*** RECORD EXCERPTS ***

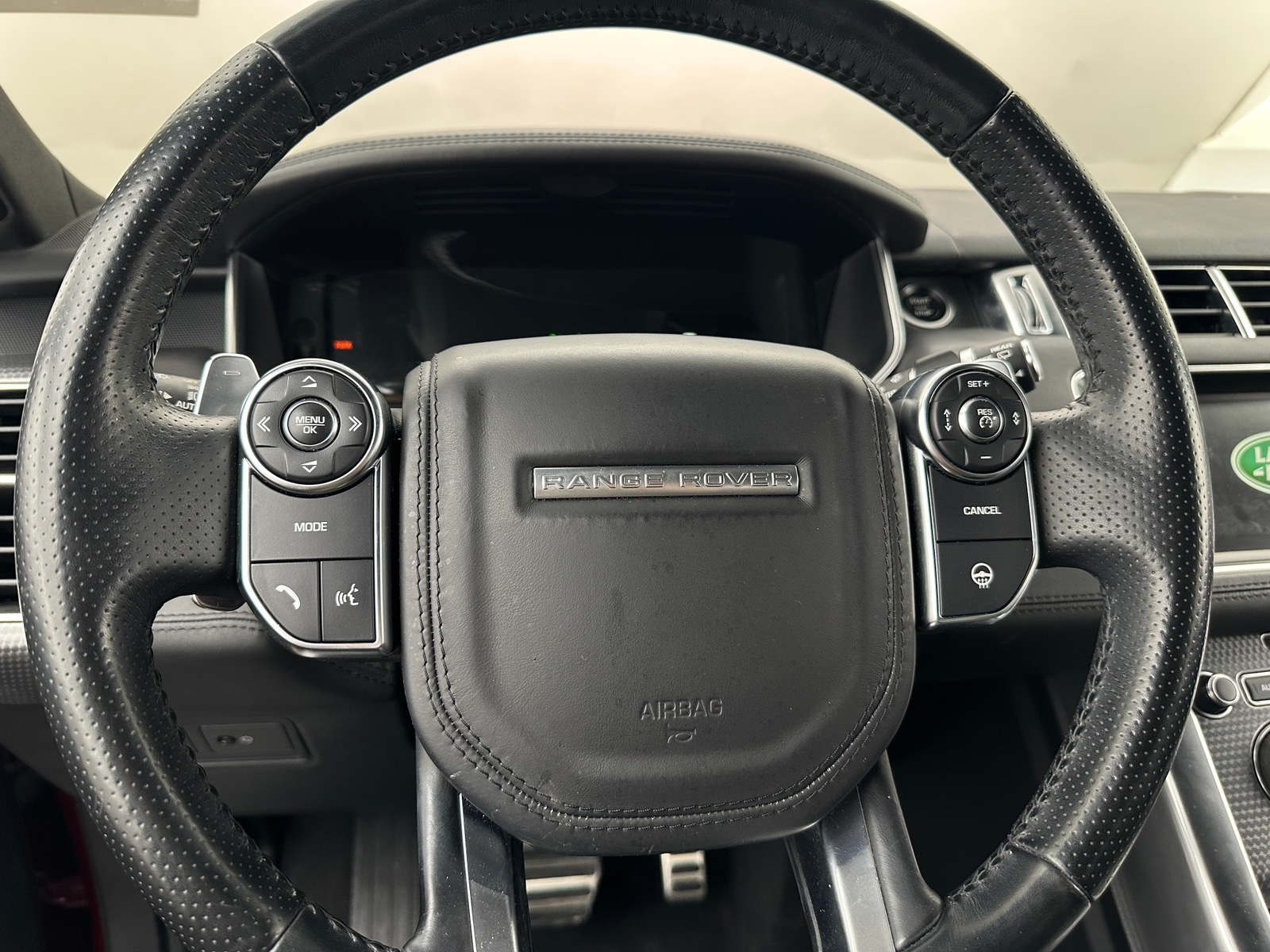 Thumbnail: 2017 Land Rover Range Rover Sport - 4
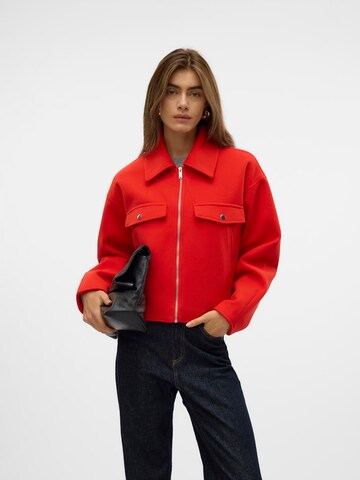 VERO MODA Kevad-sügisjope 'VMFORTUNEFREJ', värv punane: eest vaates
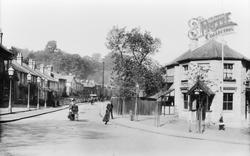 Garlands 1906, Redhill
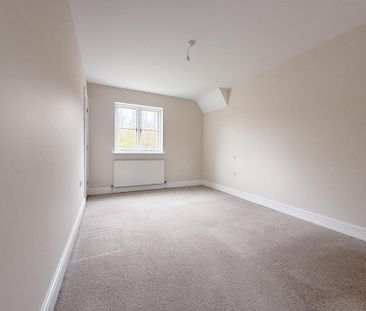 4 bedroom detached house to rent - Photo 2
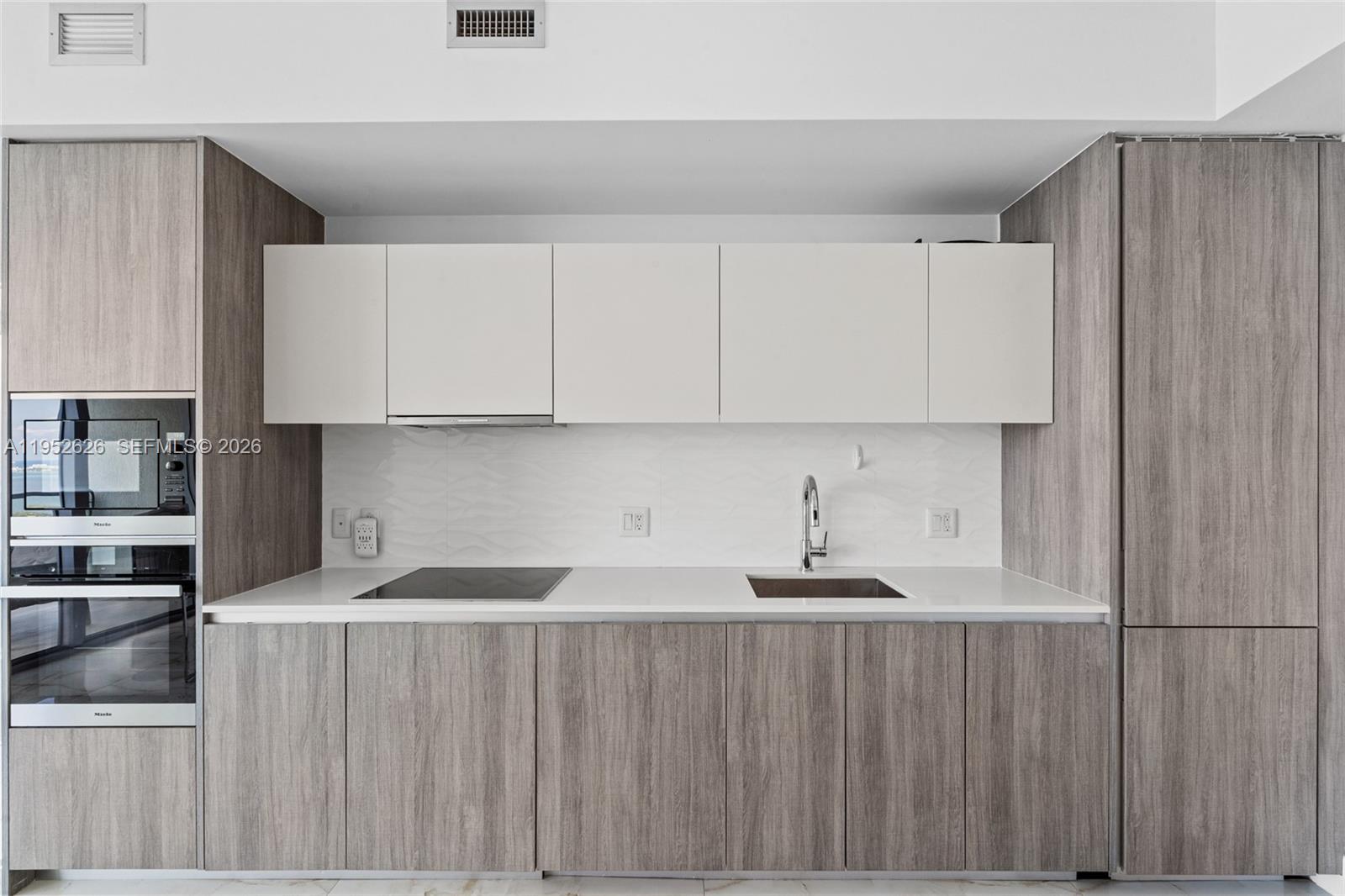 2900 NE 7th Ave #4104, Miami FL 33137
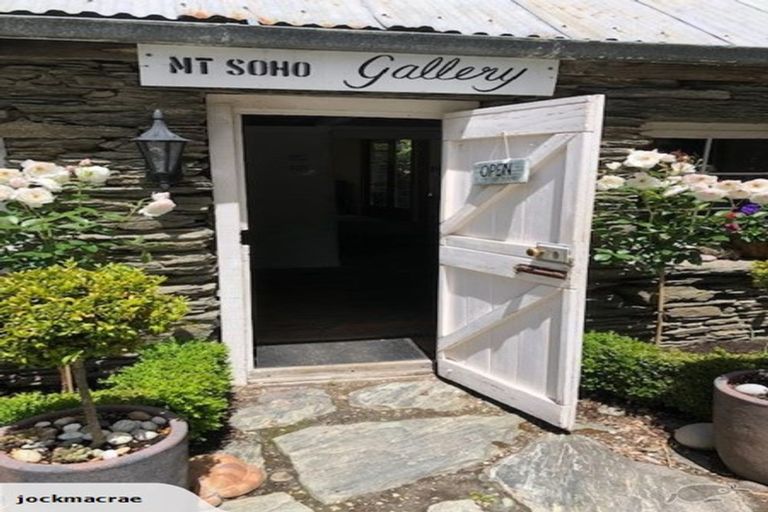 Photo of property in 62 Manse Road, Arrowtown, 9302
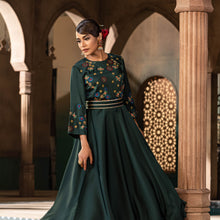 Load image into Gallery viewer, ETHNIC PREMIUM GOWN -GREEN
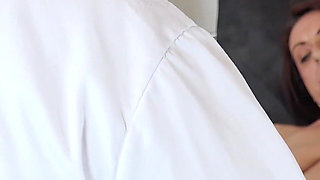 Hot Grandma Linda G Made to Cum with Fucking Machine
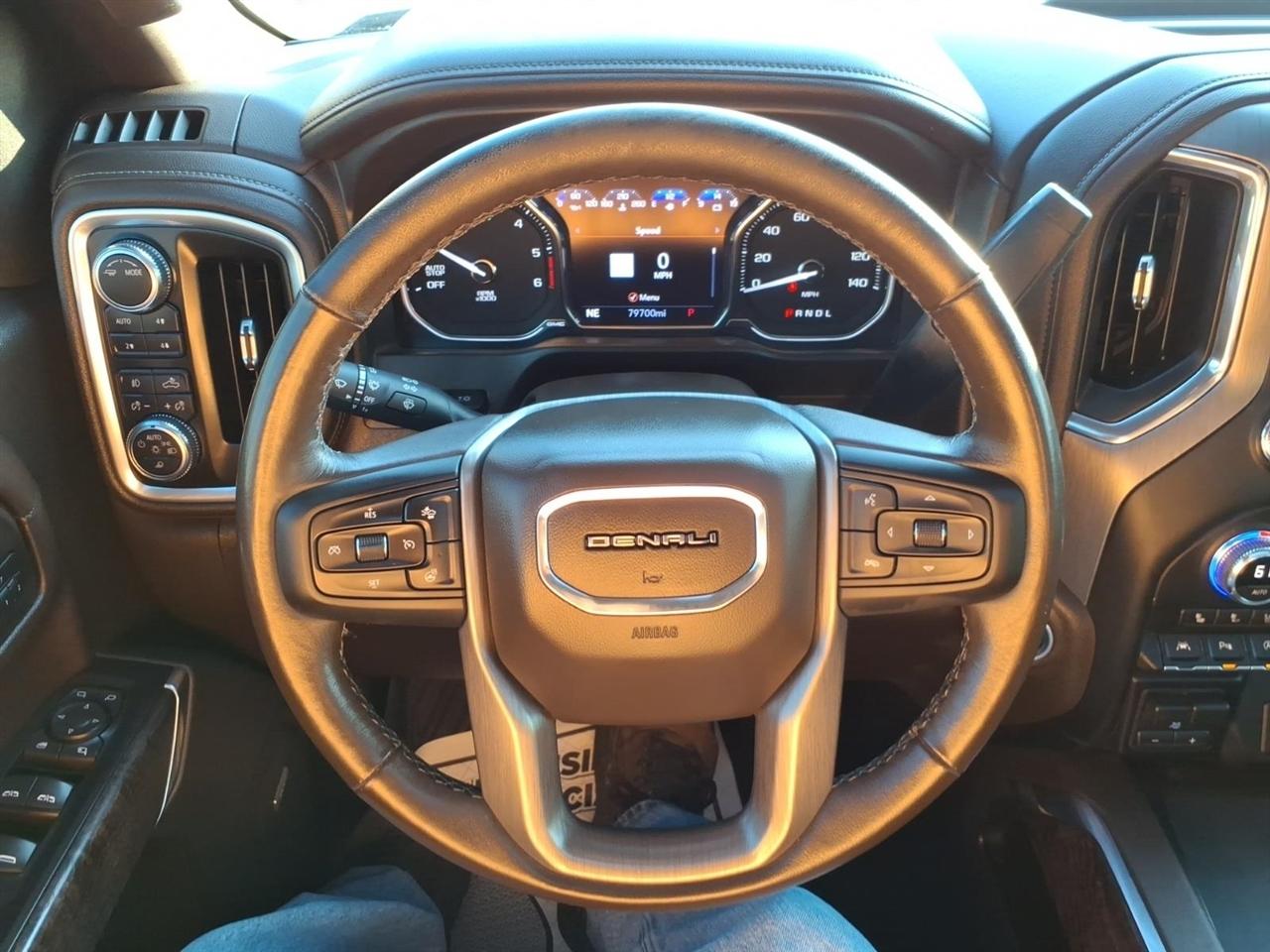 GMC Sierra 1500 4WD Crew Cab 147" Denali 2021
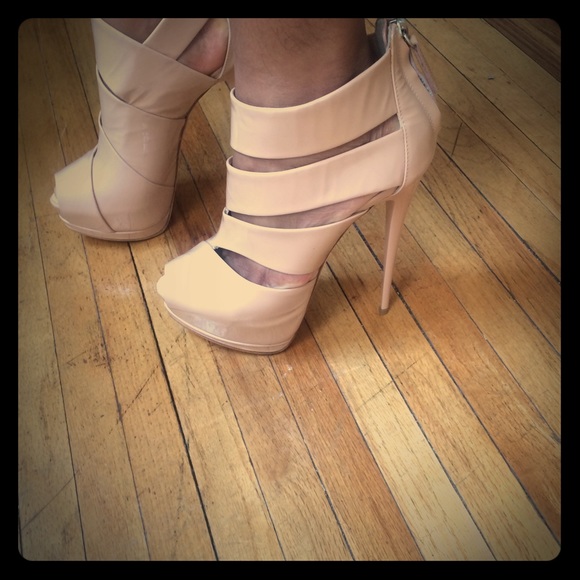 Giuseppe Zanotti open toe booties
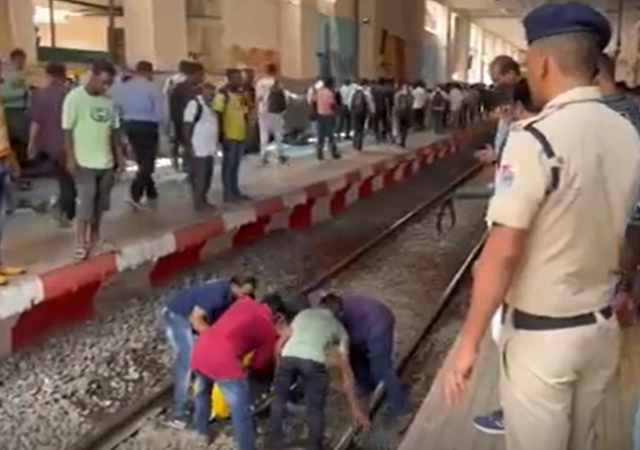मुंबईत सावध मोटरमनमुळे रेल्वेचा अपघात टळला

*** End of RECORD EXCERPTS ***

WORK ORDER: All of the records above are to be written out exactly, minus their images.

SOLUTION TO THE EXERCISE:
 Thumbnail: 2017 Land Rover Range Rover Sport - 4
 VERO MODA Kevad-sügisjope 'VMFORTUNEFREJ', värv punane: eest vaates
 Garlands 1906, Redhill
 4 bedroom detached house to rent - Photo 2
 2900 NE 7th Ave #4104, Miami FL 33137
 Photo of property in 62 Manse Road, Arrowtown, 9302
 Load image into Gallery viewer, ETHNIC PREMIUM GOWN -GREEN
 Hot Grandma Linda G Made to Cum with Fucking Machine
 GMC Sierra 1500 4WD Crew Cab 147" Denali 2021
 Giuseppe Zanotti open toe booties
मुंबईत सावध मोटरमनमुळे रेल्वेचा अपघात टळला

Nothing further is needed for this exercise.